What is required = Copy every line of the material below word for word.

Available data =

#####

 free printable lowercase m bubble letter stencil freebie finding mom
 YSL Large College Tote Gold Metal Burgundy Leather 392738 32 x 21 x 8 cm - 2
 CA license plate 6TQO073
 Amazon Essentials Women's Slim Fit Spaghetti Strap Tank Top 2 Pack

#####

Exercise solution =
 free printable lowercase m bubble letter stencil freebie finding mom
 YSL Large College Tote Gold Metal Burgundy Leather 392738 32 x 21 x 8 cm - 2
 CA license plate 6TQO073
 Amazon Essentials Women's Slim Fit Spaghetti Strap Tank Top 2 Pack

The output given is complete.